Nowość ma szansę znacząco podnieść słupki sprzedaży, co będzie miało związek zarówno z modnym nadwoziem, jak i ceną. Miejski crossover Alfa Romeo, bo o nim właśnie mowa, zadebiutuje już w przyszłym roku.
Jaki będzie? Niektórych może zdziwić, że polski. Tak, to właśnie u nas najpewniej dojdzie do jego produkcji. I tu należy zaznaczyć, że włoska marka znajduje się pod skrzydłami koncernu Stellantis, do którego należą również Fiat i Jeep.
Nowy model Alfa Romeo będzie konstrukcyjnym bliźniakiem Fiata 600 i Jeepa Avengera. To oczywiście oznacza skromne gabaryty. Można również domyślać się, jak będzie wyposażony i które napędy otrzyma.
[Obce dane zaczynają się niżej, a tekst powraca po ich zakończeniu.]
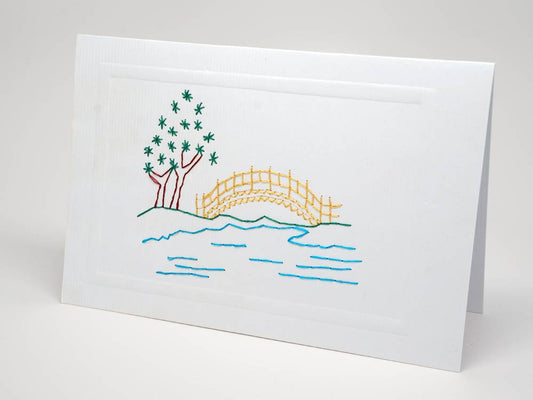 Greeting card - Japanese art emboidery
Miejski crossover Alfa Romeo
Trzeba także wspomnieć o jego nazwie. Producent postanowił ujawnić ją w iście detektywistyczno-geograficznej formie. Krótko mówiąc, opublikował krótki materiał, na którym można dostrzec współrzędne, które wskazują na konkretną lokalizację.
Chodzi o przełęcz Brenner, czyli alpejskie pasmo znajdujące się między Austrią a Włochami. To niezwykle piękne, malownicze miejsce. Jego oryginalna nazwa to „Passo del Brennero”. I właśnie ostatni wyraz sugeruje, jaki napis znajdzie się na klapie bagażnika nowego samochodu włoskiej marki.
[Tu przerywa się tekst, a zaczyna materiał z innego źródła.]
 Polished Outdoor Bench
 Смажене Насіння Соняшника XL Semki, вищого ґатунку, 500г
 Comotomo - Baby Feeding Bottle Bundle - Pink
Tak, Alfa Romeo Brennero to kolejny model, który trafi do gamy. Już wiemy, że brzmi dobrze. A jak wygląda? Firmie do tej pory udawało się ukrywać karoserię pod dokładnym kamuflażem, ale podejrzewamy, że poznamy design tego auta w ciągu najbliższych tygodni.
>Alfa Romeo Vittoria to nie przeróbka. Jest na sprzedaż
Jeśli rzeczywiście będzie dzielił podzespoły z Jeepem Avengerem, to należy spodziewać się elektrycznej wersji oferującej około 150 koni mechanicznych. Do cennika może trafić także wersja spalinowa oparta na benzynowym silniku o pojemności 1,2 litra i mocy 100-130 koni mechanicznych.
Nie można wykluczyć także wariantu plug-in, który mógłby dysponować napędem na obie osie, a przy tym wszystkim – wyraźnie większym potencjałem. Na oficjalne wieści musimy jednak jeszcze chwilę zaczekać.